Under the heading “A Powder Keg That Is About To Explode”, Giles Whitten in the Times looks at Uzbekistan:

To Rumsfeld, Uzbekistan is the country on Afghanistan’s northern border that helpfully leased a major military base to US forces for its conquest of the Taleban. To discerning travellers for the past six centuries it has been the land of Tamerlane; of silk and saffron and the finest oases between the Pamirs and the Caspian. It is also, in 2004, an astonishing preglasnost relic where democracy, free markets and religious tolerance are if anything more remote than in 1991, the year in which Islam Karimov, deftly but unopposed, promoted himself from General Secretary of the Communist Party of the Uzbek SSR to President of his own new, independent republic.

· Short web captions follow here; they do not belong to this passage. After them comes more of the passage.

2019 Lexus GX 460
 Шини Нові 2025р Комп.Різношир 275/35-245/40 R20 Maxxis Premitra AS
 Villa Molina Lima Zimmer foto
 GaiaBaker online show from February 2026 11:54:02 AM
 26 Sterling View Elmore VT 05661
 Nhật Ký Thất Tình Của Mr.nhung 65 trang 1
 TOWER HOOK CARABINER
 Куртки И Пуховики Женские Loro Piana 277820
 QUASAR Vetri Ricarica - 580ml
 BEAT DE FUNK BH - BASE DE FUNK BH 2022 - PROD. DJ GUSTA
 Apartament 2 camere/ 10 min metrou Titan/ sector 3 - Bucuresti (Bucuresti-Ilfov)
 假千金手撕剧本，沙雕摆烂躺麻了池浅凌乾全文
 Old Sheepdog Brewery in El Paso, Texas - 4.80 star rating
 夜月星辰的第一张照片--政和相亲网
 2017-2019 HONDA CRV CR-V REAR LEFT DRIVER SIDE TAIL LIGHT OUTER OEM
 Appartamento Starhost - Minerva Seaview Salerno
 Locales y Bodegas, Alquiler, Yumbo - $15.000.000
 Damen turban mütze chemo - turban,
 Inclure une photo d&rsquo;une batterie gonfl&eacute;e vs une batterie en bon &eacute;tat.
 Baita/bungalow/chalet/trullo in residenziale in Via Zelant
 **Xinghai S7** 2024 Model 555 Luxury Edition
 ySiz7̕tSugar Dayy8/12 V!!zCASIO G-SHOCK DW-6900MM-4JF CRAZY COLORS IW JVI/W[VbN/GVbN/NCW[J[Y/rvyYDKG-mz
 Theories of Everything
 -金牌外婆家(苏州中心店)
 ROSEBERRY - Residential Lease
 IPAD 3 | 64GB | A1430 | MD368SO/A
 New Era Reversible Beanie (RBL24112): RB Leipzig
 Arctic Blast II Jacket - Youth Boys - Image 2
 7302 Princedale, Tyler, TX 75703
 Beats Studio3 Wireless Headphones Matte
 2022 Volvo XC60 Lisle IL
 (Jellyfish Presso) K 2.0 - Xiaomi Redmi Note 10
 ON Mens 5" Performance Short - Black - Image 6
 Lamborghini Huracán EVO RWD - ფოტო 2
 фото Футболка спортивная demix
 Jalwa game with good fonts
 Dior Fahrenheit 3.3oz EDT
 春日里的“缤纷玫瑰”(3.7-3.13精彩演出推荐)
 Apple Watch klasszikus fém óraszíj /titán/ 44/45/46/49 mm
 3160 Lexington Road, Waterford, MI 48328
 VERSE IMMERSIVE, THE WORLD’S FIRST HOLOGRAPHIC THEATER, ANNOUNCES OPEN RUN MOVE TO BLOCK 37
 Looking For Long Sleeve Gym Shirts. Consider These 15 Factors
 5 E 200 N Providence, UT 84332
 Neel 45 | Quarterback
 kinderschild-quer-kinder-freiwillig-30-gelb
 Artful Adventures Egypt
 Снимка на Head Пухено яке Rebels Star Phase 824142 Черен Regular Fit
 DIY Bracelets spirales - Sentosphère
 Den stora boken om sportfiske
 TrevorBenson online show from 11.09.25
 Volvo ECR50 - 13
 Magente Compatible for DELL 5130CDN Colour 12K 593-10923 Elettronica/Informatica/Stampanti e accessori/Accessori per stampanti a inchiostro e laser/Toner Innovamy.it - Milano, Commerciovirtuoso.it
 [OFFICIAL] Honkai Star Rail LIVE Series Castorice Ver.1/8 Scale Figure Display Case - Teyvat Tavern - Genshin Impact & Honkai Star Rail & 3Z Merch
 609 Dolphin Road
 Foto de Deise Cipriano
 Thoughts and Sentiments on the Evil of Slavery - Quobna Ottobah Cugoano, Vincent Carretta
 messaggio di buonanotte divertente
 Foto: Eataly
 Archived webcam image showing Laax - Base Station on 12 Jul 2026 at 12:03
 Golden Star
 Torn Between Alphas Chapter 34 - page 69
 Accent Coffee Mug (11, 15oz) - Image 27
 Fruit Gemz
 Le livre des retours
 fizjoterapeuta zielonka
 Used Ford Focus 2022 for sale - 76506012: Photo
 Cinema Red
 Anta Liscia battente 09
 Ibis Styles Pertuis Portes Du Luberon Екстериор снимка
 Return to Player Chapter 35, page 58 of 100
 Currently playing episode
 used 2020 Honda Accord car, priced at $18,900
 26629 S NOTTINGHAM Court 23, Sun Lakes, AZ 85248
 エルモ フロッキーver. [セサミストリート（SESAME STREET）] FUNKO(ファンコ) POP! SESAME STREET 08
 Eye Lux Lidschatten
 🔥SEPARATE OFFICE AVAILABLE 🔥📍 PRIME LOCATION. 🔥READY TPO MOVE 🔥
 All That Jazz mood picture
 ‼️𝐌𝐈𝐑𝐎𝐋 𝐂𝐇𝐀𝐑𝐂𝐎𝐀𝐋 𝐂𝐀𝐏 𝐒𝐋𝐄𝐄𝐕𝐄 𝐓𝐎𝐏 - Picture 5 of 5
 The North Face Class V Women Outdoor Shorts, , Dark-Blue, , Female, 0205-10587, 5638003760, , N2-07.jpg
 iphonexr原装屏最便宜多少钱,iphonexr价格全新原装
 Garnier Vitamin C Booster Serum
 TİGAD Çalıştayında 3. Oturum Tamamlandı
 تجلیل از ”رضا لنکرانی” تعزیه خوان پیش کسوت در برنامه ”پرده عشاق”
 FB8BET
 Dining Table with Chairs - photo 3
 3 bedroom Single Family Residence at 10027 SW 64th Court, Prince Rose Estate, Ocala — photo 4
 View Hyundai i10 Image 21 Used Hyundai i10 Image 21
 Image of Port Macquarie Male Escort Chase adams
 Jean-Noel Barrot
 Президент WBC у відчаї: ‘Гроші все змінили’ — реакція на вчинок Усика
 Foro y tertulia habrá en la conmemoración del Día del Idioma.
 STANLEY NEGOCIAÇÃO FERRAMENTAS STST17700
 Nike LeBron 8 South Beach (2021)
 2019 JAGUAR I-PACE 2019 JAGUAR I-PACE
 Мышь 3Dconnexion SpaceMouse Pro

Karimov has an intense dislike of being judged by the criteria of the international human rights agenda. He would prefer to be left to enjoy a place at the top table of world leaders, to which he has been welcomed because of Uzbekistan’s strategic position at the heart of Central Asia. Since 9/11, with some equivocations, the US has obliged. For opening the Khanabad base to American forces in September 2001 Karimov was rewarded with a full-dress White House reception and US aid worth more than $200 million a year. Renewal of a significant chunk of that aid depends on a decision by the US Secretary of State on whether to certify that Uzbekistan is moving in the right direction on human rights. Colin Powell’s decision, due last month, has been postponed.

A failure to re-certify Uzbekistan would risk unravelling America’s entire Central Asian strategy, yet the alternative would trigger widespread derision. As Craig Murray, Britain’s Ambassador in Tashkent, told The Times last week: “No reasonable person could argue in good faith that there is any sign of improvement in the human rights situation. It’s still appalling.” […]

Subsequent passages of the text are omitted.